In the last couple of years, the superhero parody has focused on the story of the superhero who has no powers, is merely a deluded individual who either believes that they are a superhero or is trying to enact some form of personal justice by donning costume. See the likes of A Man Who Was Superman (2008), Defendor (2009), Griff the Invisible (2010), Kick-Ass (2010) and Super (2010), as well as Superheroes (2011), a documentary about people who dress as superheroes and fight crime in the real world. Before all of these however, there was Special. It never gained much of a profile when it came out but was there first and does the idea with considerable brilliance.

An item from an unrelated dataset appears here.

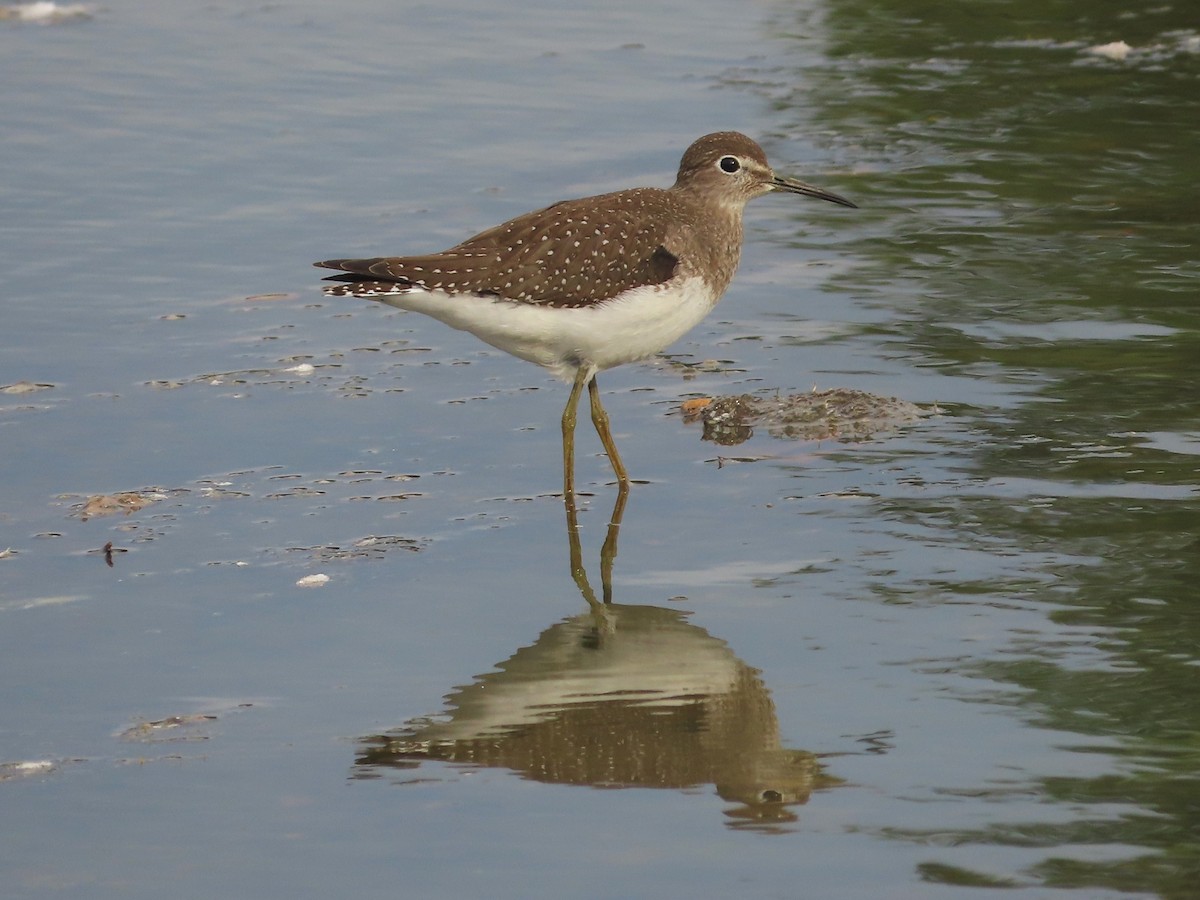 Solitary Sandpiper - ML643540139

Before that, the idea had earlier been tentatively conducted by other films like Hero at Large (1980), Blankman (1994) and Orgazmo (1997).

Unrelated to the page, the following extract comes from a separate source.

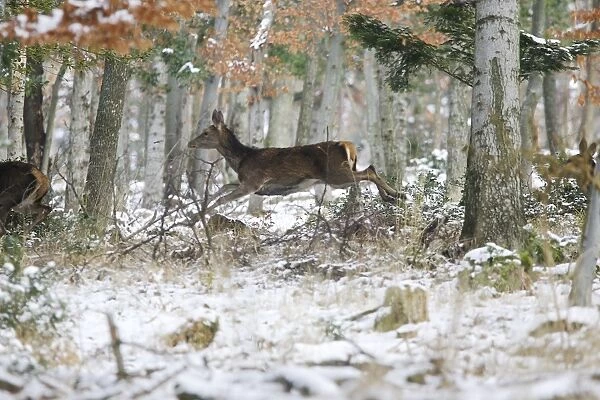 Red Deer - running through forest in snow. Alsace - France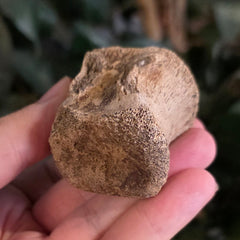 Hadrosaur Dinosaur Tail Vertebrae D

Special hits in with a decided weirdness. The opening scenes as Michael Rapaport signs up for the drug trial have a thorough normalcy, while his voiceover narration pinpoints the role of a sad nobody living an invisible life with great accuracy. A few minutes in we then get the baffling image of Rapaport sitting in his apartment where he suddenly floats up off the floor. This is contrasted to the next scene where he is in the trial doctor (Jack Kehler)’s office and tries to demonstrate his ability to fly and the film cuts between him diving off the desk and floating a few inches off the ground before pulling back to show the doctor’s point-of-view where he is squiggling on his stomach on the floor. Things get even more bizarre a few minutes later where Jack Kehler is trying to treat him and Rapaport keeps hearing telepathic conversations that say completely different things and tell him it is all part of a plan to give him superpowers.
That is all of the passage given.